Data under study START

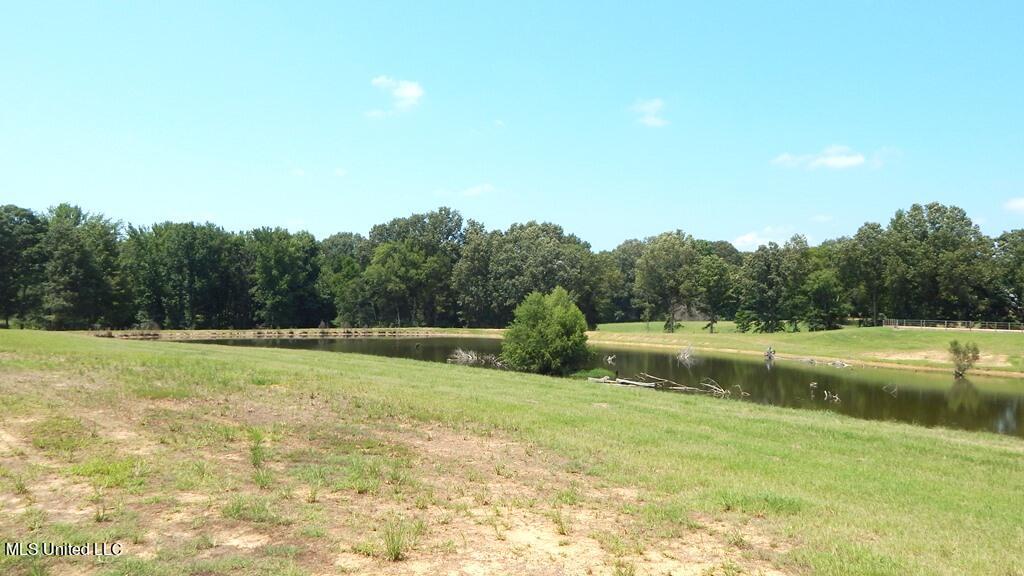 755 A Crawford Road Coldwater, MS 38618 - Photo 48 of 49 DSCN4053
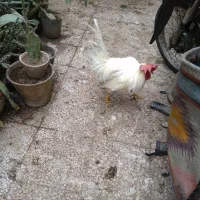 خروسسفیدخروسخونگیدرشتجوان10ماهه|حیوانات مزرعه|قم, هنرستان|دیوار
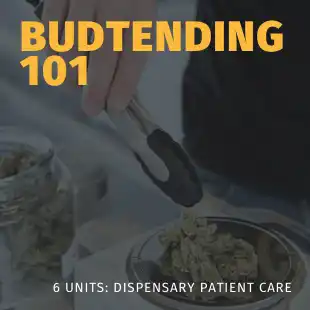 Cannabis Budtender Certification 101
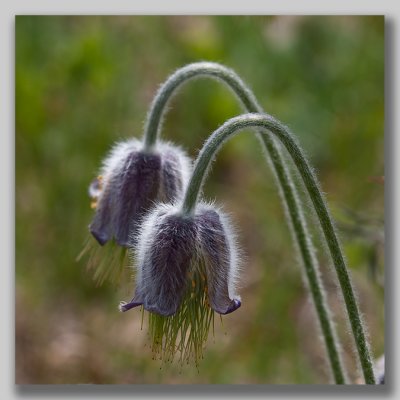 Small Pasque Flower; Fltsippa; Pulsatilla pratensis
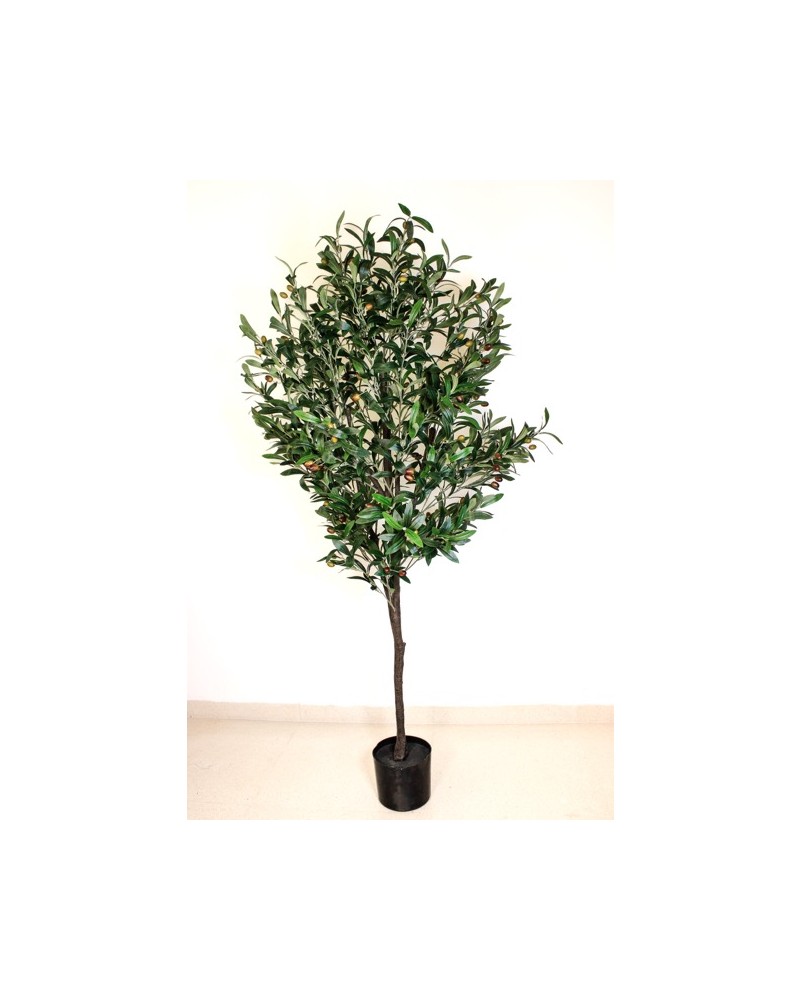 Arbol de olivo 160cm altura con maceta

Data under study END
Data under study START

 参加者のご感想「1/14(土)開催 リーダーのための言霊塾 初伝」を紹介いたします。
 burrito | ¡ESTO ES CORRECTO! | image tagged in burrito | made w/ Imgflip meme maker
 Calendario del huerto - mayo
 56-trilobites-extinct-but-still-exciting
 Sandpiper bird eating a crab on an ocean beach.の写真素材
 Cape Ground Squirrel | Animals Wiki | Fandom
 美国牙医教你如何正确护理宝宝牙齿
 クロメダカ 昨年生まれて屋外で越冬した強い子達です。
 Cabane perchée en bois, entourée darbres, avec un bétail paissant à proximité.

Data under study END

What you will do
Among the entries above, locate the line with "755 A Crawford" and the line with "Arbol de olivo 160cm altura con maceta". Give those two lines and all lines between them again, exactly, leaving out the pictures.

Exercise output
 755 A Crawford Road Coldwater, MS 38618 - Photo 48 of 49 DSCN4053
 خروسسفیدخروسخونگیدرشتجوان10ماهه|حیوانات مزرعه|قم, هنرستان|دیوار
 Cannabis Budtender Certification 101
 Small Pasque Flower; Fltsippa; Pulsatilla pratensis
 Arbol de olivo 160cm altura con maceta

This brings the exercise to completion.